LD 447, sponsored by Rep. John Tuttle, D-Sanford, failed by a vote of 77-69 during a floor vote just one week after the Legislature’s labor committee recommended a vote of ought not to pass.
Before Tuesday’s vote, House Democrats argued that raising the minimum wage would boost the economy and help slow the need for public assistance, something Republicans have targeted through welfare reform measures.
“Twenty five cents an hour is a small increase that will make a big difference for the working poor in our state,” said Tuttle, the ranking Democrat on the Labor Committee. “What’s pocket change for some can make the difference between keeping the lights on or putting food on the table.”
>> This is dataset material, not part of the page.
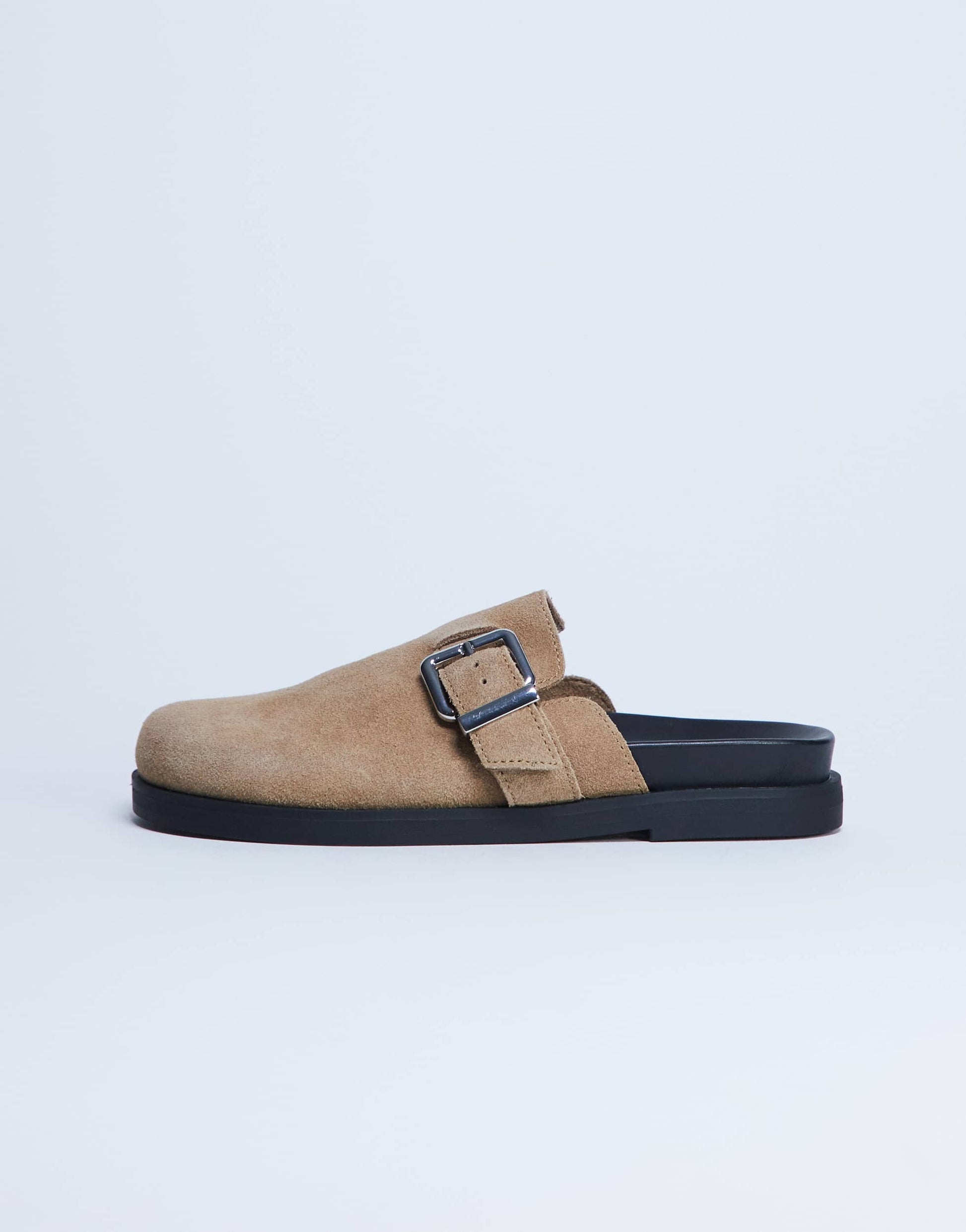 Topshop Amy slip on mule with buckle in beige hair on real leather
Republicans, however, said raising the minimum wage would be unduly detrimental to small businesses that form the backbone of Maine’s economy. They suggested workers should be more aggressive in asking their employers for a raise in lieu of a state-mandated increase.
“Once again, we have determined that the market is the best indication of what wages should be,” said Rep. Andre Cushing of Hampden, assistant House majority leader.
Maine’s last minimum wage increase came in October 2009, bringing the rate to $7.50. From 2006 to 2009, the minimum wage increased incrementally by 25 cents each year. The federal minimum wage is $7.25 per hour and individual states range from $5.15 in Wyoming to $8.67 in Washington.
Tuttle’s bill was submitted in large part to help bring the wage in line with cost of living increases.
“Minimum wage barely makes the grade with the rising price of commodities — these working families are being squeezed,” said Rep. Rob Hunt, D-Buxton, who serves on the Labor Committee.
The Senate has not yet voted on LD 447, but it is not expected to support a wage hike.